Just as important: none of these teams needed custom code or niche academic tools. Every study used JMP Pro to apply FDA in a practical, repeatable way, often using data from instruments already in place.

Whether in pharmaceutical development, aerospace research, chemical manufacturing, or materials science, the workflow followed a familiar pattern:

• Collect continuous measurements (e.g., dissolution, DSC, FTIR, process data)
• Represent those measurements as functions
• Extract dominant patterns with FPCA
• Build predictive models tied to real outcomes
• Deploy insights for design decisions, monitoring, or quality control

The result?
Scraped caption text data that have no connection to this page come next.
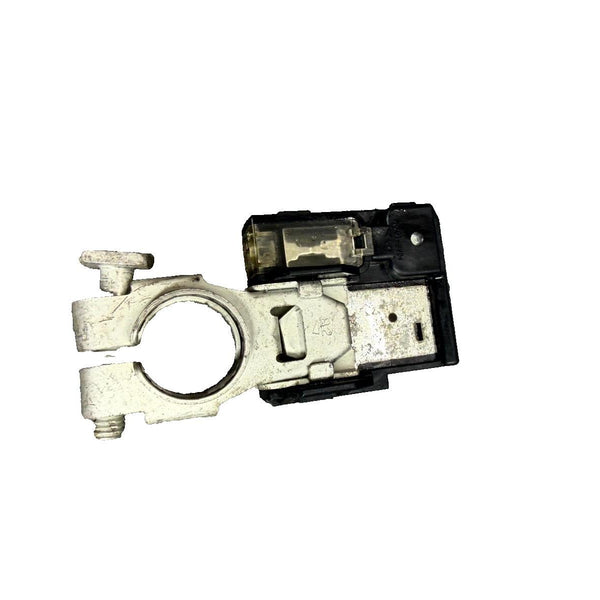 2016-2020 Tesla Model X Positive Battery Terminal W/o Cable OEM, 1055405-00-B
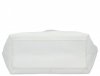 GEANȚĂ DE DAMĂ shopper bag BEE BAG alb 1752L60
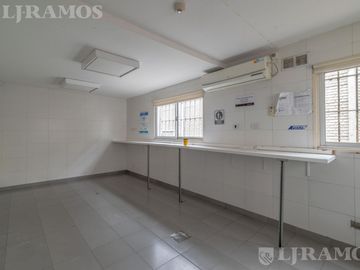 Depósito - San Fernando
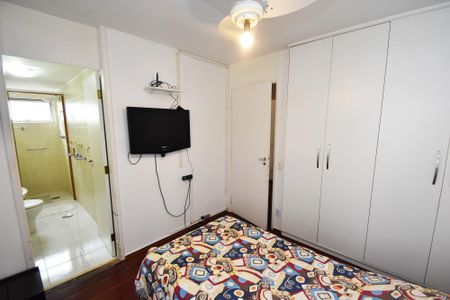 Apartamento à venda com 98m², 3 quartos e 1 vagaquarto 1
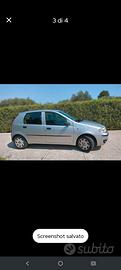 Fiat Punto 2008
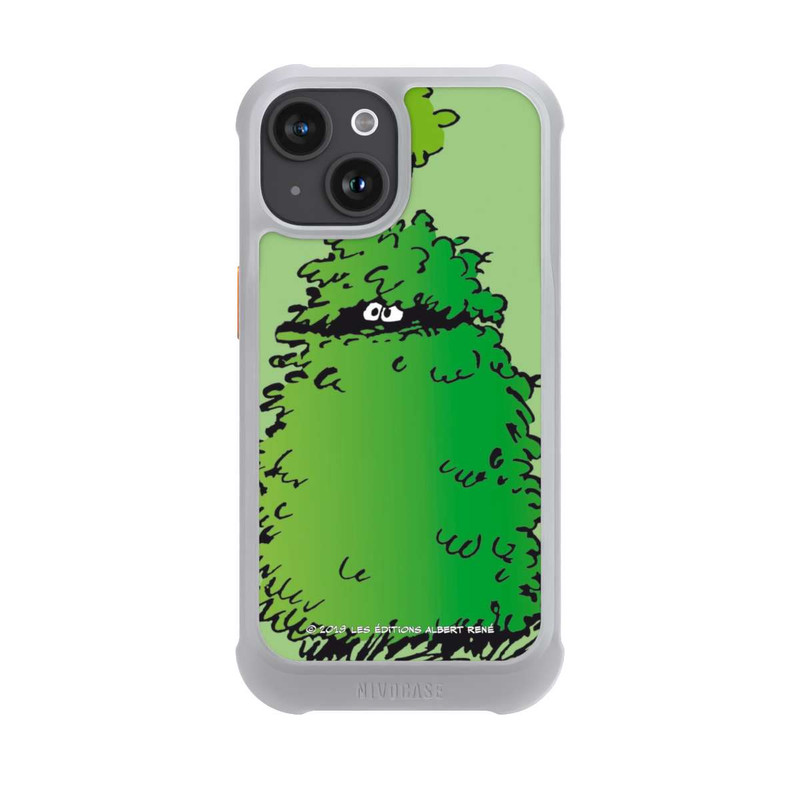 iPhone 15 NIVOmax Romain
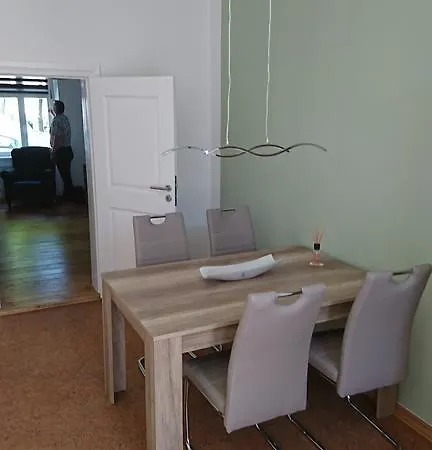 Ferienwohnung Apartment Neuruppin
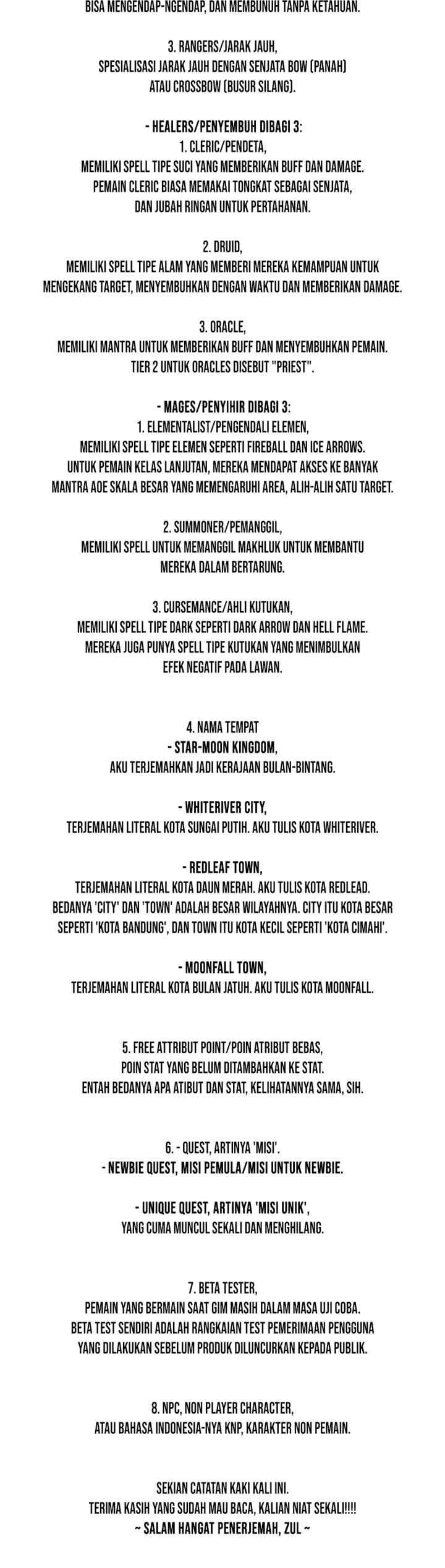 Reincarnation Of The Strongest Sword God chapter 2 halaman 11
FDA proved effective across a wide range of settings, from academic studies to plant-floor applications, sometimes eliminating the need for additional testing or new instrumentation.

Is your data ready for FDA?

If you work with continuous measurements, chances are you’re already sitting on FDA-ready data:

• Time-varying profiles: dissolution, batch trajectories, degradation
• Temperature-dependent behavior: DSC, thermogravimetric analysis (TGA), cure profiles
• Spectroscopic signals: FTIR, near-infrared (NIR), Raman, ultraviolet–visible (UV-Vis)
• Spatial measurements: ablation, coatings, concentration gradients

If you’re reducing these rich signals to single values, such as peak heights, endpoints, or averages, you may be leaving important insight behind.